De nombreux théologiens catholiques sont d’accord avec Drewermann et Pikaza. Ils ne veulent pas reconnaître l’historicité du récit des Évangiles. Et pourtant, aucun d’entre eux n’a la capacité réelle de pousser jusqu’au fond la réflexion critique, en se demandant d’où provient ce mythe et ce qu’a pu être historiquement ce théologumène. Car il vaut la peine de remarquer que, parmi les mythes païens, il n’existe absolument aucun exemple de femme concevant dans la virginité. Et comment une pauvre jeune fille juive, dans un mariage normal, aurait-elle pu avoir la prétention, la seule dans toute l’histoire de l’humanité, d’avoir conçu le Fils de Dieu? Ceci ne peut avoir de sens que si cela a été un événement réel.

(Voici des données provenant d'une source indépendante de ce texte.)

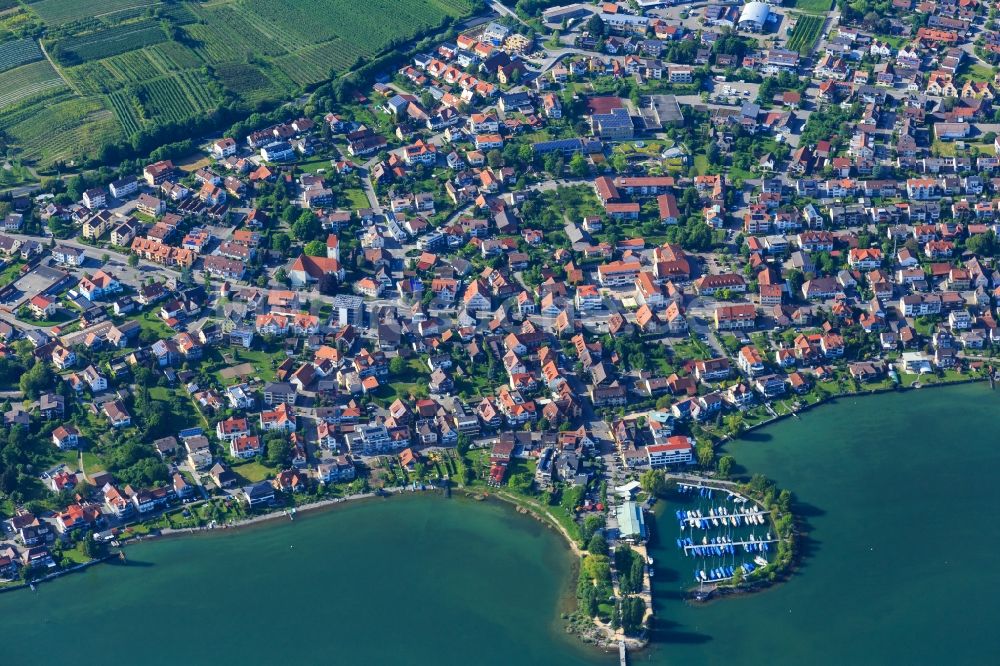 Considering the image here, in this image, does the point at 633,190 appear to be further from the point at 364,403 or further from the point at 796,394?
the point at 364,403

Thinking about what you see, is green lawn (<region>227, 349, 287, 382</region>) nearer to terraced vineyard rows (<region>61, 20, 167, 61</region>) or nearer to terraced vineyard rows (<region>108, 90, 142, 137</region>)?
terraced vineyard rows (<region>108, 90, 142, 137</region>)

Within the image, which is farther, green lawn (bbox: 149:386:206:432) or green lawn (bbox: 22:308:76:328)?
green lawn (bbox: 22:308:76:328)

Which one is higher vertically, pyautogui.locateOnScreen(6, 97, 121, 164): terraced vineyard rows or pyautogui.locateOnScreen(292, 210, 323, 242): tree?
pyautogui.locateOnScreen(6, 97, 121, 164): terraced vineyard rows

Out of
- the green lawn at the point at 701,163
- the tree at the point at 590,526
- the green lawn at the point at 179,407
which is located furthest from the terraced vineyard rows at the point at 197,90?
the tree at the point at 590,526

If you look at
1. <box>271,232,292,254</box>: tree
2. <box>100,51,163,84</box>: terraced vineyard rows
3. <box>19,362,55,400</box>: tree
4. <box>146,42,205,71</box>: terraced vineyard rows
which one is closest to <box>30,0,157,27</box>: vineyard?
<box>146,42,205,71</box>: terraced vineyard rows

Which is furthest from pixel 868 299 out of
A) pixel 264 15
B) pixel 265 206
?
pixel 264 15

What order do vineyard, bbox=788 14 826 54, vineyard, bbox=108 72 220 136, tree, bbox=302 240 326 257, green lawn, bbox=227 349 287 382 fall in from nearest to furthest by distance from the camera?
green lawn, bbox=227 349 287 382 < tree, bbox=302 240 326 257 < vineyard, bbox=108 72 220 136 < vineyard, bbox=788 14 826 54

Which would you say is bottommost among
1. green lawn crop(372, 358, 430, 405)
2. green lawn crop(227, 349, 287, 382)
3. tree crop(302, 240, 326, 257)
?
green lawn crop(372, 358, 430, 405) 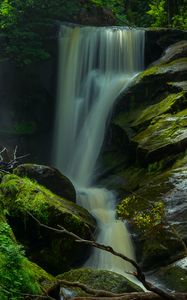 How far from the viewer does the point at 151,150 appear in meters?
12.1

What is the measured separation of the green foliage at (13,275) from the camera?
4.73 metres

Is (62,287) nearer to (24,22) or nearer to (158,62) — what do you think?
(158,62)

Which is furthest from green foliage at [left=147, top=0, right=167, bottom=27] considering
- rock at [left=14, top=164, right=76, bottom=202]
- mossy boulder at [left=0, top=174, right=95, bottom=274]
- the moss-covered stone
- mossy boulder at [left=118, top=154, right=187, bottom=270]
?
mossy boulder at [left=0, top=174, right=95, bottom=274]

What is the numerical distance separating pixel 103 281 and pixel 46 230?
3.36 metres

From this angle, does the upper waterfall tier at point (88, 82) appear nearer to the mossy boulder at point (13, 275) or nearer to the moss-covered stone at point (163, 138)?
the moss-covered stone at point (163, 138)

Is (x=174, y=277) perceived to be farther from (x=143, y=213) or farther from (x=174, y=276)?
(x=143, y=213)

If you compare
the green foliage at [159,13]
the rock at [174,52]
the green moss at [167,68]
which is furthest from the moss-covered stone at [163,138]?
the green foliage at [159,13]

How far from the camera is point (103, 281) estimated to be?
20.0 feet

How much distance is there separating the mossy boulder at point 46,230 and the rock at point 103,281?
269 centimetres

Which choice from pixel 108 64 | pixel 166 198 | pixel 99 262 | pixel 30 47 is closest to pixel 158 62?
pixel 108 64

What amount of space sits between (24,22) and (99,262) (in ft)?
41.1

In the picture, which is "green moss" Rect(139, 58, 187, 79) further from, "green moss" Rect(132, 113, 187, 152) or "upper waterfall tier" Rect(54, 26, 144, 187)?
"green moss" Rect(132, 113, 187, 152)

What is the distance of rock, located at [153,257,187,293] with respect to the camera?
8010 millimetres

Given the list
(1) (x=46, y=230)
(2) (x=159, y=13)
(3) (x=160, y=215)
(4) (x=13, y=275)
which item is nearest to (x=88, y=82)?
(2) (x=159, y=13) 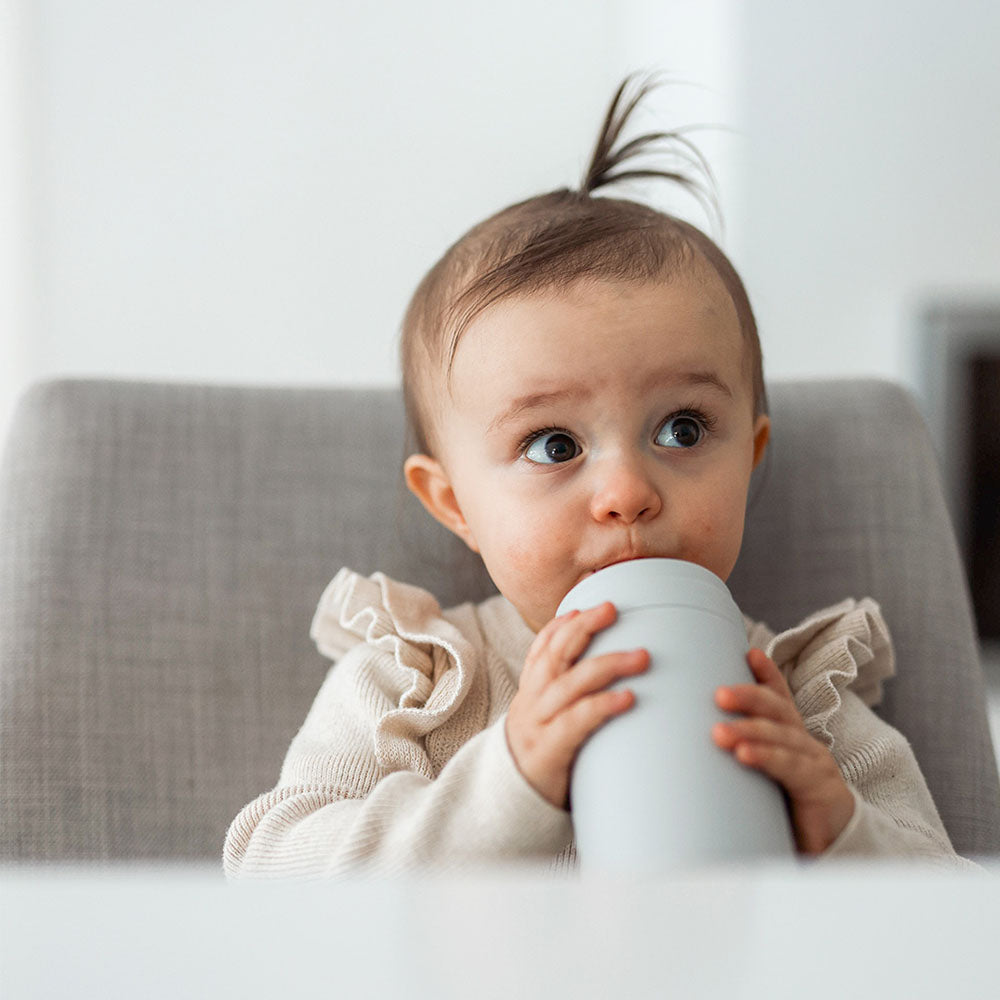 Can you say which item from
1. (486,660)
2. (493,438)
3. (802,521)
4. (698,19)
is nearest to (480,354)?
(493,438)

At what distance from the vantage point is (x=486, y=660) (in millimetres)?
842

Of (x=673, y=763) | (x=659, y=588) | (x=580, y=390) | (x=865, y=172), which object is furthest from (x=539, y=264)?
(x=865, y=172)

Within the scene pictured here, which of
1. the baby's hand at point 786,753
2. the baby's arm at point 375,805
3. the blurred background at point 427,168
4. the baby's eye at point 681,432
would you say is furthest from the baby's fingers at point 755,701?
the blurred background at point 427,168

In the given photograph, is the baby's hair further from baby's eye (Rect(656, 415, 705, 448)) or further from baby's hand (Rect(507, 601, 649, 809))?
baby's hand (Rect(507, 601, 649, 809))

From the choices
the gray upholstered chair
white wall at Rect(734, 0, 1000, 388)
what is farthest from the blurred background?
the gray upholstered chair

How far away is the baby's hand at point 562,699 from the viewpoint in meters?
0.51

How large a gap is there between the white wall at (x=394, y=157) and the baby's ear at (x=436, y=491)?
5.49 ft

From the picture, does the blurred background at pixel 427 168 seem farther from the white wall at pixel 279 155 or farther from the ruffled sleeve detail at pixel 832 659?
the ruffled sleeve detail at pixel 832 659

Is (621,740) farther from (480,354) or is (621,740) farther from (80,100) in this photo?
(80,100)

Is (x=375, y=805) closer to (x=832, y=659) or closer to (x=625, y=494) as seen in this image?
(x=625, y=494)

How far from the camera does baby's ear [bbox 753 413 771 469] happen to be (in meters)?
0.88

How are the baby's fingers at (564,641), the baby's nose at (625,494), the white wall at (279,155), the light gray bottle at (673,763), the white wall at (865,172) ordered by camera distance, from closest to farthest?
the light gray bottle at (673,763), the baby's fingers at (564,641), the baby's nose at (625,494), the white wall at (865,172), the white wall at (279,155)

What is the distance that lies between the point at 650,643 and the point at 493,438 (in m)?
0.29

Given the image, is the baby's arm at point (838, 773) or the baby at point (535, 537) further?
the baby at point (535, 537) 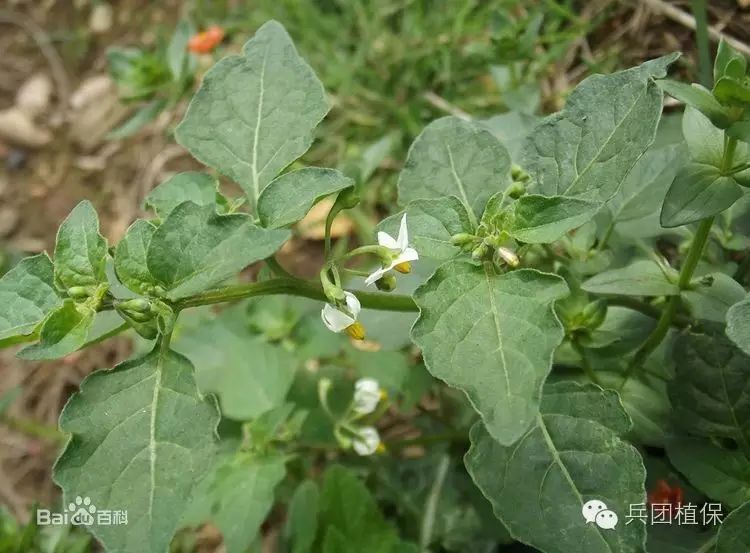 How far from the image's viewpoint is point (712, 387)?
132cm

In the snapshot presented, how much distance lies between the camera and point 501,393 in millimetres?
950

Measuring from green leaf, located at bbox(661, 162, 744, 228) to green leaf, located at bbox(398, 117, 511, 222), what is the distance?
0.28m

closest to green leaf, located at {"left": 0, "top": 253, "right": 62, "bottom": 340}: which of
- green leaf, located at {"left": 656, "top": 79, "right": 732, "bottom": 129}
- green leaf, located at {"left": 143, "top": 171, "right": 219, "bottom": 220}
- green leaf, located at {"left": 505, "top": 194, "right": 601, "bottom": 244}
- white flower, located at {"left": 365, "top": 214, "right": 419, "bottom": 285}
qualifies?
green leaf, located at {"left": 143, "top": 171, "right": 219, "bottom": 220}

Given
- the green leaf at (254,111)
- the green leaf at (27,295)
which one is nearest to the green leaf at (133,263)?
the green leaf at (27,295)

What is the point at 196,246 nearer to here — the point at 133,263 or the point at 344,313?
the point at 133,263

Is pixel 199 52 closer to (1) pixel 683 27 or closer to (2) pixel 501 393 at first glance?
(1) pixel 683 27

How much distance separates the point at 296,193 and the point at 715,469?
35.1 inches

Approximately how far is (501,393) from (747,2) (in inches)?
68.7

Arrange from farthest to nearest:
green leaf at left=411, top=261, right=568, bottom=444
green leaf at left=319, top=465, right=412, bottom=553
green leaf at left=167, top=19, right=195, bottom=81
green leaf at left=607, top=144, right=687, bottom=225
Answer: green leaf at left=167, top=19, right=195, bottom=81 → green leaf at left=319, top=465, right=412, bottom=553 → green leaf at left=607, top=144, right=687, bottom=225 → green leaf at left=411, top=261, right=568, bottom=444

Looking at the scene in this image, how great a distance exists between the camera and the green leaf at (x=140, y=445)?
102 centimetres

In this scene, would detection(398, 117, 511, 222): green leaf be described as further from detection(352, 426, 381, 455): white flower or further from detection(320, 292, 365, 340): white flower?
detection(352, 426, 381, 455): white flower

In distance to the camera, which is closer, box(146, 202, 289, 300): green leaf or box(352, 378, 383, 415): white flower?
box(146, 202, 289, 300): green leaf

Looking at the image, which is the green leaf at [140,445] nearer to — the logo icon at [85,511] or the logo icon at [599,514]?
the logo icon at [85,511]

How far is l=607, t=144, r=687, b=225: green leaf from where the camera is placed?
1479 millimetres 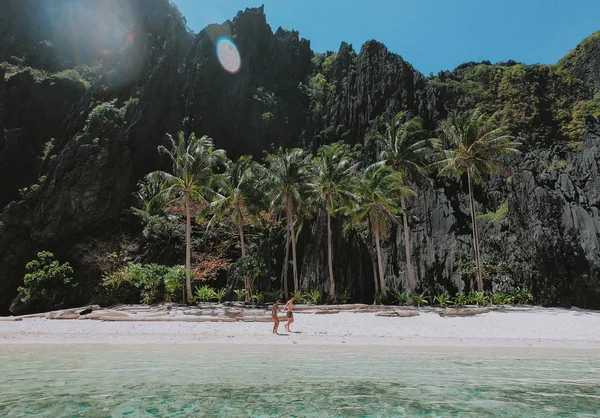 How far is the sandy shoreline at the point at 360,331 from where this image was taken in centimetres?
1468

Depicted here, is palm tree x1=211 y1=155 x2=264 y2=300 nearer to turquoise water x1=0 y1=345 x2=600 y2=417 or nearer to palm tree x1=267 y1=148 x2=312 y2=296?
palm tree x1=267 y1=148 x2=312 y2=296

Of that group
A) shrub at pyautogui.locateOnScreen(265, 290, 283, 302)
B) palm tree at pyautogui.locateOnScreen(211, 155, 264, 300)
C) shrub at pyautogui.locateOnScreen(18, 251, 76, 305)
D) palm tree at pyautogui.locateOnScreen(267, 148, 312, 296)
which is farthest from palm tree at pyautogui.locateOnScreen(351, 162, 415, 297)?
shrub at pyautogui.locateOnScreen(18, 251, 76, 305)

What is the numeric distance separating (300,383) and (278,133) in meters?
51.9

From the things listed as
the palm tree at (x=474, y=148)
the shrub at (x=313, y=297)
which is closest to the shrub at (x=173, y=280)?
the shrub at (x=313, y=297)

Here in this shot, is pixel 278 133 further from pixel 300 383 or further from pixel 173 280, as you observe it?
pixel 300 383

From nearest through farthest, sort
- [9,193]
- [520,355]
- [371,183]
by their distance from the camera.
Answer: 1. [520,355]
2. [371,183]
3. [9,193]

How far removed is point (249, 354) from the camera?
464 inches

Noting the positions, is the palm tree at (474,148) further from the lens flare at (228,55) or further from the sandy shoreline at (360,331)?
the lens flare at (228,55)

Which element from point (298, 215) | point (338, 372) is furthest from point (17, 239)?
point (338, 372)

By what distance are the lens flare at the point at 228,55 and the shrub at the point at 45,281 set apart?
1547 inches

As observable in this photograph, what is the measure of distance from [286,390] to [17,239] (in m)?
46.1

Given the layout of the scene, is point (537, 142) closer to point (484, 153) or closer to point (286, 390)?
point (484, 153)

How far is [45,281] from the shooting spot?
1201 inches

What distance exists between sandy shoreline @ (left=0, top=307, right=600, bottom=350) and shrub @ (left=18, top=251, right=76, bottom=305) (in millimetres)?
11245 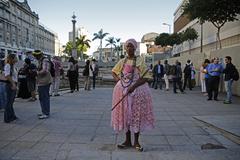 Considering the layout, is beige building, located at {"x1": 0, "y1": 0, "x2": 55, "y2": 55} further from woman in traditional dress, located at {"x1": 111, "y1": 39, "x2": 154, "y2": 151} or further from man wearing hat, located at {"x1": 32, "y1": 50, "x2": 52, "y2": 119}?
woman in traditional dress, located at {"x1": 111, "y1": 39, "x2": 154, "y2": 151}

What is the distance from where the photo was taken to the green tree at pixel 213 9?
22.0 metres

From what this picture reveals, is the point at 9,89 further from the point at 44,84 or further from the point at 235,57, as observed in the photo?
the point at 235,57

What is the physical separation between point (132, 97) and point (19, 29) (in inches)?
3367

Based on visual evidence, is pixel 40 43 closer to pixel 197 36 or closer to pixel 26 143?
pixel 197 36

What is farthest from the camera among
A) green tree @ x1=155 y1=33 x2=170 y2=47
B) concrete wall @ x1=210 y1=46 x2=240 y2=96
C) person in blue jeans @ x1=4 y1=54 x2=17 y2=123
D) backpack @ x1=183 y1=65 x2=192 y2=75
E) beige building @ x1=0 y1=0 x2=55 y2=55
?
beige building @ x1=0 y1=0 x2=55 y2=55

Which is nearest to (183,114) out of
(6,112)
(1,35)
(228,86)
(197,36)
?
(228,86)

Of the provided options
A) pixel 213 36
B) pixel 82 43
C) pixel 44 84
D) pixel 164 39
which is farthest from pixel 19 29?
pixel 44 84

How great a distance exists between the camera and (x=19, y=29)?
87.1 metres

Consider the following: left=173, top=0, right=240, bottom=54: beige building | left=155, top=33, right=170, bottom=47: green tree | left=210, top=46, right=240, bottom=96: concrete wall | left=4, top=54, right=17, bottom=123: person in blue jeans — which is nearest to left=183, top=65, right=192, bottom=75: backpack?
left=210, top=46, right=240, bottom=96: concrete wall

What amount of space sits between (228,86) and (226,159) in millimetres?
7933

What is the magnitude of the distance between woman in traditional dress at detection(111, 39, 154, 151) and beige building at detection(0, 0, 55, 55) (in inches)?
2252

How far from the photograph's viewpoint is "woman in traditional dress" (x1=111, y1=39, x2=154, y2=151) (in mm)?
5992

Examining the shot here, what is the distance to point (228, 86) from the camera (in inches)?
515

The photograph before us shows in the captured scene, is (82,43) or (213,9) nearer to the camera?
(213,9) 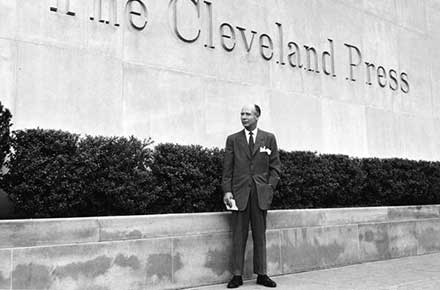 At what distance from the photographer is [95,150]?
5.77 m

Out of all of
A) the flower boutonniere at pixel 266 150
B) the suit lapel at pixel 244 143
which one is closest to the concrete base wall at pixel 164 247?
the suit lapel at pixel 244 143

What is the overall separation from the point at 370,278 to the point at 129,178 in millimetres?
3164

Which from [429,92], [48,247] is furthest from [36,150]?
[429,92]

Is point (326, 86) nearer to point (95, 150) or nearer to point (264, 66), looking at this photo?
point (264, 66)

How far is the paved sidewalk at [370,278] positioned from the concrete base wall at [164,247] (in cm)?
25

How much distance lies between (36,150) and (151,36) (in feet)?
9.40

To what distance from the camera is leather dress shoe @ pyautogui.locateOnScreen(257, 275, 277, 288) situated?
595 cm

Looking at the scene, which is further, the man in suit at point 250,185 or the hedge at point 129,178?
the man in suit at point 250,185

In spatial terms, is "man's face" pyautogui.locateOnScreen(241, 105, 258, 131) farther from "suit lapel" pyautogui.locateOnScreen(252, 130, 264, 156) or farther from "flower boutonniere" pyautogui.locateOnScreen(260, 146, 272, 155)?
"flower boutonniere" pyautogui.locateOnScreen(260, 146, 272, 155)

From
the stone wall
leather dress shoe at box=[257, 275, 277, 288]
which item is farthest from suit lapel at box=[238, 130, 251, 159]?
the stone wall

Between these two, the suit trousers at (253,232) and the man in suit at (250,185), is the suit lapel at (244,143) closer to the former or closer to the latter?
the man in suit at (250,185)

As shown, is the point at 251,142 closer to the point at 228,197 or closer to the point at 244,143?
the point at 244,143

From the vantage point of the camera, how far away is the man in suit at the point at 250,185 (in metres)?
6.11

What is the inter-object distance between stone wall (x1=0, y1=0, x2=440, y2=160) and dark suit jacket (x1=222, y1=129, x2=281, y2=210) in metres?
1.63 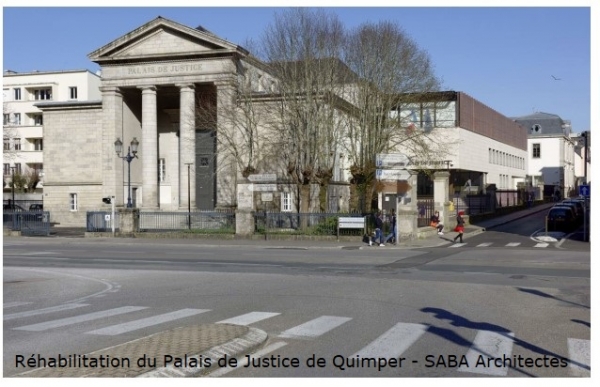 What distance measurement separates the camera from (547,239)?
36.1 meters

Cependant, aujourd’hui, la conception virginale de Marie n’est pas la seule chose qui tombe sous la cognée des théologiens qui veulent réduire les Évangiles à un théologumène. La Résurrection corporelle de Jésus est également réduite à un simple mythe. Et ce n’est sans doute pas un hasard si c’est justement le début et la fin de la vie de Jésus-Christ qui sont remis en question, à savoir les deux pôles sur lesquels repose l’Incarnation. Il s’agit de dogmes fondamentaux de l’Église catholique, mais ces exégètes modernes ne veulent pas tenir compte de la Tradition. Ils opèrent une rupture nette, décidée, entre l’histoire et la foi. Et quelles en sont les conséquences? Le théologien allemand K.H. Schelkle les explique: «Si la théologie catholique devait interpréter la conception virginale comme un théologumène, nous devrions changer de nombreuses choses dans l’Église. On devrait formuler de nouveau le thème de l’inhérence de la Bible, de l’infaillibilité de l’Église, on serait obligé de changer la conscience des fidèles et la doctrine de la mariologie elle-même»1.
On ne peut que juger négativement cette théorie du théologumène. Mais il est indéniable que les évangélistes eux-mêmes croyaient que la conception virginale était un fait historique. Et ils auraient été choqués par les tentatives de certains théologiens “catholiques” aujourd’hui pour naturaliser l’Incarnation.


1 K. H. Schelkle, Theologie des Neuen Testaments, II, Patmos Verlag, Düsseldorf 1973, p. 182.